Remember that song we were all taught in grade school?
“Make new friends, But keep the old. One is silver, and the other gold.”
We usually sang the song in a round, although I felt square at the time.
We sang the song, seated in a circle on the grade school floor, with kids that we did not know, usually did not want to know, and most likely would never see much of again after that school year.
When you are 9 years young, how old can a friend be?
Last weekend I was surprised by my old law school chums, Fred and Martha Jay.
They were on Whidbey to deliver two chairs which they drove up from Coronado, Calif.
Who needs UPS or Fed-Ex when you can safely drive the length of Interstate 5 with antique chairs wearing seat belts?
I greeted Fred and Martha at the caboose door, wearing my Palestinian goat-herder’s hat, waving pom-poms of red and blue, while yelling an improvisational cheer: “Give me a J, give me a J, give me a J-A-Y! What have you got, what have you got, to-day, eh, eh?”
Friends that I had not seen in 36 years, that’s what we got.
Old friends.
Dear friends.
Both gold.
Two weeks ago, I was surprised by Corporal Hawkeye Loeb, who had flown from Phoenix to Portland, rented a car and discovered Freeland.

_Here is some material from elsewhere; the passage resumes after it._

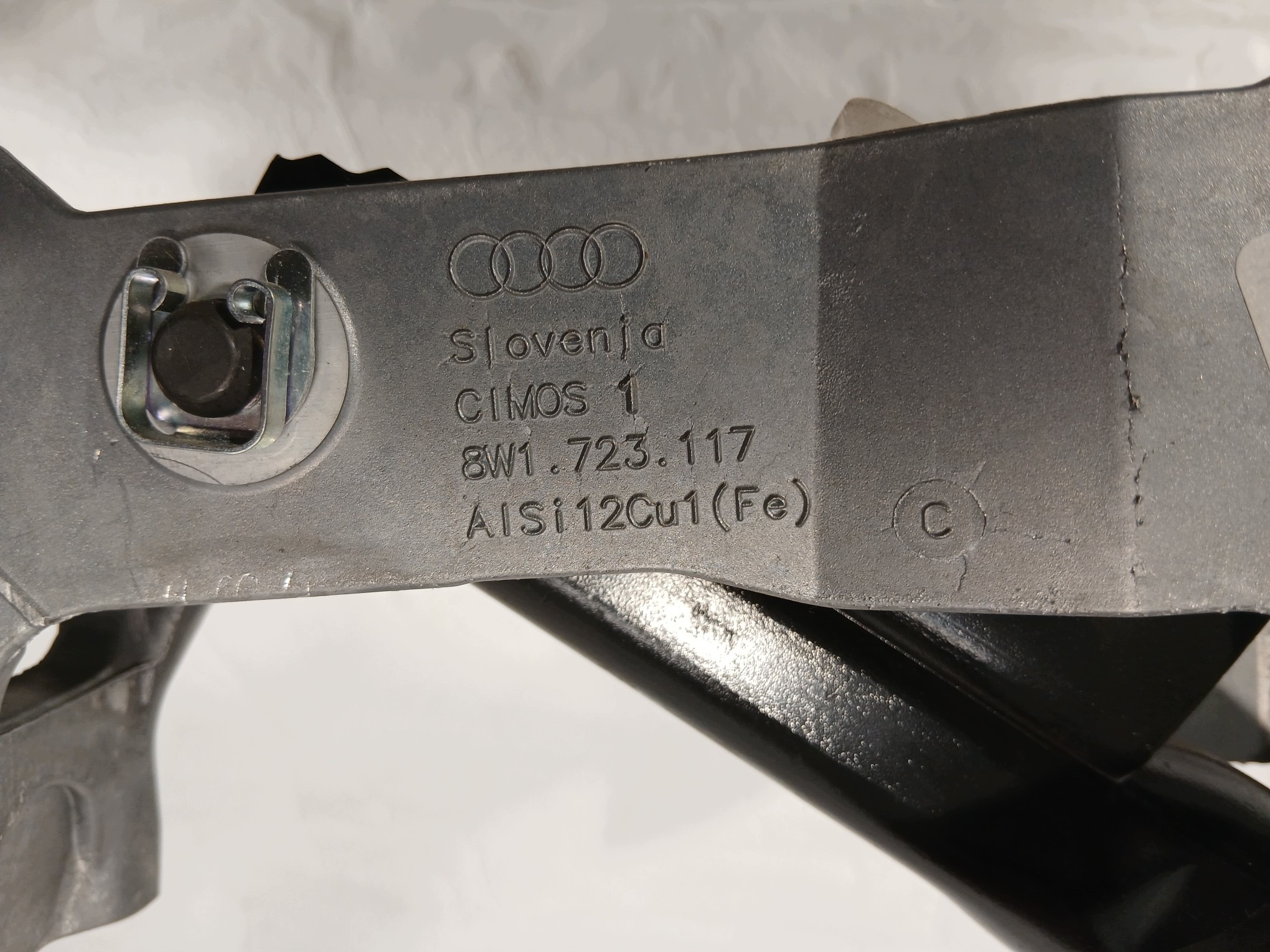 AUDI A4 B9 LIFT Support PEDAL Frein 8W1723117C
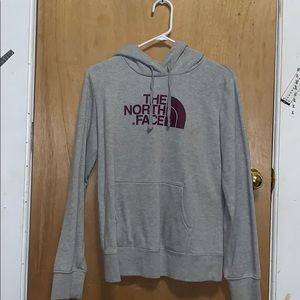 North face hoodie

So much for witness relocation.
Being a retired recon jarhead, Corporal Loeb flushed me out.
We had not seen each other in 20 years.
The 20 years before that we were sucking down suds at the submarine races during our Camp Pendleton lunch hour.
Today, Wes and Kim, two old pals from Oil City, Pa., will be arriving, uninvited, like old friends do.

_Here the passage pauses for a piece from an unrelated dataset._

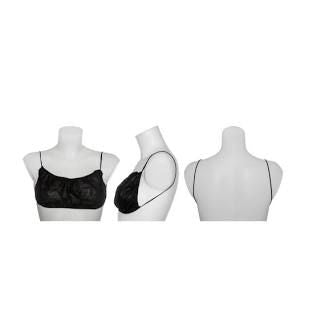 Bra, Backless Spa Reflectionssm/Med Blk (1/Bg 100Bg/Bx 6Bx/, 600/Cs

Old friends don’t need an invitation to visit.
Old friends usually just call you to inform you that they are coming to town, but only to make sure that you will be home.
Where else would we be, living in this isolated, communal paradise?
Old friends don’t need us to clean the place.
Old friends don’t need lodging.
They don’t need money, food or reading material.
Old friends just want to catch up, and laugh getting there.
Maybe I have said this before.
Probably so in one of my 17 years of published newspaper columns, but I used to make fun of our parents and our aunts and our uncles for sitting on the porch, in the shade, laughing, while often-times drinking, watching us kids as we played in the yard or swam in the lake or climbed on the trees.
We kids knew that as long as those crazy porch people laughed, we could play, even sometimes after dark, until the mosquitoes began their buffet.
As the song says: “A circle’s round, It has no end, That’s how long, I’m gonna be your friend … Across the land, across the sea, Friends forever, We will always be.”
Excuse me, while we old friends gather on the front porch for a few chuckles and cheer.
Our kids are raised now, so we old friends just sit, while we laugh and share and stare at the cows.
When was the last time you mooed with a friend?